March 26 was the official launch of the Knight Citizen News Network, www.kcnn.org. We worked with Jan Schaffer and the other fine folks at J-Lab (University of Maryland) to design and build this truly enormous site where you can find all kinds of help and information on citizen journalism.
Some terrific citJ people are involved: Jan Schaffer, JD Lasica, Dan Gillmor, Amy Gahran. And, there will be more! The site’s future growth will be sustained by development of new learning modules. J-Lab will be giving out periodic grants to journalists and others to reseach some aspect of citizen journalism for publication on the site. We’ll let you know as these modules—pretty large websites in themselves!—become available. For starters, though, check out Principles of Citizen Journalism, Using E-Mail to Jumpstart your Newsgathering, Training Citizen Journalists, and the comprehensive Directory of CitMedia Sites.
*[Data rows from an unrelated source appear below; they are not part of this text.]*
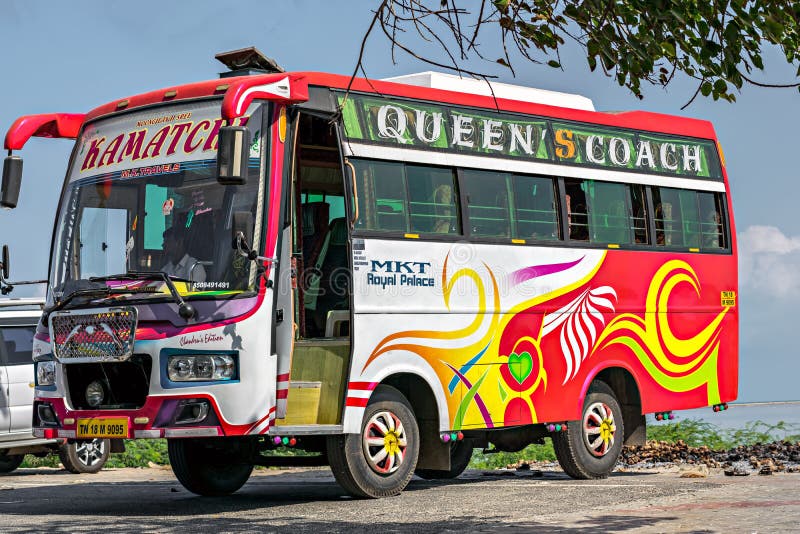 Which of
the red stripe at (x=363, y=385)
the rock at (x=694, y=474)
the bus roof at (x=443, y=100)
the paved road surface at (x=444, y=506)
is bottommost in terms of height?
the paved road surface at (x=444, y=506)

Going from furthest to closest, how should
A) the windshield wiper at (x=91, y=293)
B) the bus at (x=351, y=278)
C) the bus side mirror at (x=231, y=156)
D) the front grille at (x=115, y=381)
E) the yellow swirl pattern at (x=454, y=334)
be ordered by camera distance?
the yellow swirl pattern at (x=454, y=334)
the windshield wiper at (x=91, y=293)
the front grille at (x=115, y=381)
the bus at (x=351, y=278)
the bus side mirror at (x=231, y=156)

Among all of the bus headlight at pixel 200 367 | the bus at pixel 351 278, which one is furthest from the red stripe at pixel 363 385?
the bus headlight at pixel 200 367

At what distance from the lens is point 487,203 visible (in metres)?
14.8

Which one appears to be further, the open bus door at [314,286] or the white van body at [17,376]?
the white van body at [17,376]

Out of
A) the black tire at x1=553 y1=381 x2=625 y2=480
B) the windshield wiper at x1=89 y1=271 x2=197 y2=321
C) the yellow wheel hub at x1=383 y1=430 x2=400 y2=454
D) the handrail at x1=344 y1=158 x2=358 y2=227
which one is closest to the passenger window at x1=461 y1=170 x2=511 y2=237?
the handrail at x1=344 y1=158 x2=358 y2=227

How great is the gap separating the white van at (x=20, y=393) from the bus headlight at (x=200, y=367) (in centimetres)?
663

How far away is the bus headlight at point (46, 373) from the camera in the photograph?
43.9 feet

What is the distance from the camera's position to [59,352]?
1321 cm

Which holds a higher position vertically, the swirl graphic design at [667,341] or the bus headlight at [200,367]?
the swirl graphic design at [667,341]

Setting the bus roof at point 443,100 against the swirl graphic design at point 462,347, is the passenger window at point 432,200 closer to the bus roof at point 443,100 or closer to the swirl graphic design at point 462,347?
the swirl graphic design at point 462,347

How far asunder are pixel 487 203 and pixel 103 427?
464cm

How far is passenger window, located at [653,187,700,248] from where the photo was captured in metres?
17.2

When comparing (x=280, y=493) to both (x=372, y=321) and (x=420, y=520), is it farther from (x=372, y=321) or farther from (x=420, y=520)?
(x=420, y=520)

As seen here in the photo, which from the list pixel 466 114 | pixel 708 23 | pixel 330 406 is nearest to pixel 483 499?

Building this site posed some special challenges for Hop Studios. First of all, the site need to be part of a family of J-Lab websites we’ve designed—J-New Voices, and J-Learning—without too strongly having the flavor of one or the other of those resources. And, of course, we had to meet the particular design requirements of the KCNN site itself. We tackled the challenge by focusing on the details: rounded corners on boxes, color-coded sections, font faces, and use of color. The result makes KCNN a first cousin to J-Learning and J-New Voices. A cool first cousin.
The other big challenge also fell into the design area: Jan Schaffer at J-Lab wanted the module developers to be able to have control of their own designs, so that even if they were creating content for the KCNN site, they could do so in the style that best suited their presentation. And, for good measure, she didn’t want to make that privilege a burden, so that module developers who weren’t independtly design-minded, had a reasonable way of producing pages within a usable and attractive framework.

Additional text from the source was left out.